Through the arrangement, the number and the distribution area of the limiting sections 422 are increased, and the limiting effect of the limiting part 420 on the connecting piece 300 can be further enhanced.

Specifically, referring to fig. 9 and 10, the position-limiting section 422 is in any one of a rectangle, a triangle, a pentagon or an arc shape.

For example, when the area of the adaptor 300 is large and the shape is regular, the limiting section 422 of the limiting portion 420 may be set to be rectangular, so as to facilitate the setting of the limiting section 422 and ensure the limiting effect on the adaptor 300; when the area of the adaptor 300 is small and the shape is irregular or the arrangement position of the position-limiting portion 420 is limited, the position-limiting section 422 of the position-limiting portion 420 may be set to be any one of a triangle, a pentagon or an arc, so as to meet the actual design requirement.

Through the arrangement, the shape of the limiting section 422 can be flexibly arranged according to the size of the adapter 300, so that the limiting part 420 can effectively limit the adapter 300.

Referring to fig. 11, according to some embodiments of the present application, the end cap assembly 25 further includes a thermal insulation layer 500, and the thermal insulation layer 500 is sandwiched between the end face 412 and the limiting section 422.

It should be noted that the number of the thermal insulation layers 500 is not limited to one, and the number of the thermal insulation layers 500 may be at least two, and each thermal insulation layer 500 is stacked between the end face 412 and the spacing segment 422 in a stacked structure. The materials of the heat insulation layers 500 may be the same or not completely the same, and are set according to actual requirements.

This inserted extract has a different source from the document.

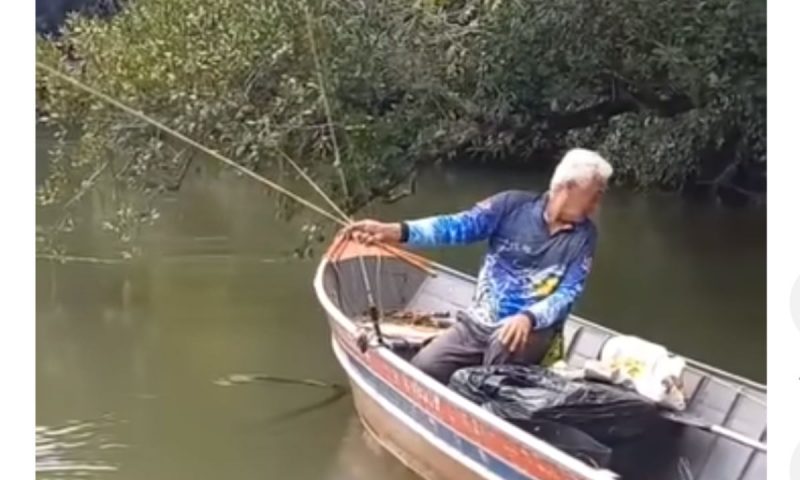 Cobra chega por um lado, mas pescador olha para o outro – Foto: Reprodu&ccedil;&atilde;o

It can be understood that, by disposing the thermal insulation layer 500 between the end surface 412 of the fixing portion 410 and the limiting section 422, the thermal radiation generated by the overcurrent of the adaptor 300 can be effectively blocked.

According to some embodiments herein, referring to fig. 11, insulation layer 500 may be polyethylene terephthalate or ceramic. Therefore, by using the heat insulation material, the heat radiation generated by the overcurrent of the adaptor 300 can be effectively blocked.

It should be noted that insulation layer 500 may be other types of insulation materials.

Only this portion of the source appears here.